WindAndWaves said:
I have an index file, which I would like to load quickly, but also
contains some Japanese, Russian, Chinese, etc.. characters (links
pointing to translations of the page).
Ideally, we would use language negotiation (a protocol for selecting
content based on the language preferences in the browser and information
on existing versions in the server) for sending the user the best
alternative available. But this is unreliable since most people have
wrong language settings in their browsers, so a multilingual index file
is indeed needed for a multilingual site.
Now, I could either double
the file in size by saving it as unicode or I could use the
codes to specify the characters that I need.

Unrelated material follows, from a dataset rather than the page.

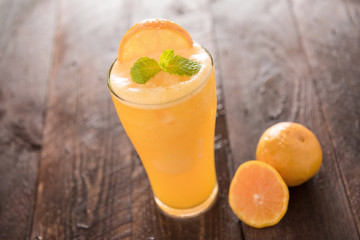 Orange juice in glass, fresh fruits on wooden background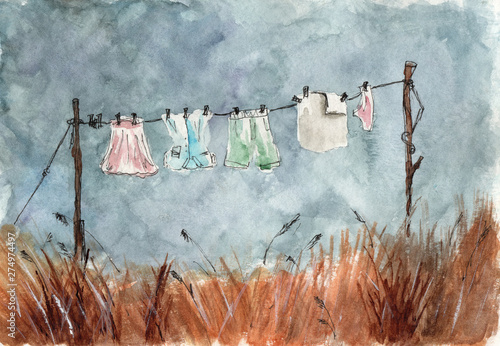 Watercolor illustration of laundry in the field before the storm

You can use either of the methods, but please note that using Unicode
does not double the file size. Well, sometimes it might, but normally it
won't. In UTF-8, each Ascii character takes just one octet (byte), just
as in a pure Ascii file. Other characters take two or more octets each,
but if your document (including HTML markup, which uses Ascii only) is
dominantly Ascii characters, the increase in file size won't be big, and
it'll probably be a little smaller than the size of a version that uses
references. (After all, Ӓ is seven octets.)
PS does anyone know of any programs / online applications that can
translate characters into these codes ( )
There are many of them, for different platforms. See
http://www.alanwood.net/unicode/utilities_editors.html
(which is about Unicode editors, which let you work with UTF-8 in
general, but they often have an output mode that uses ).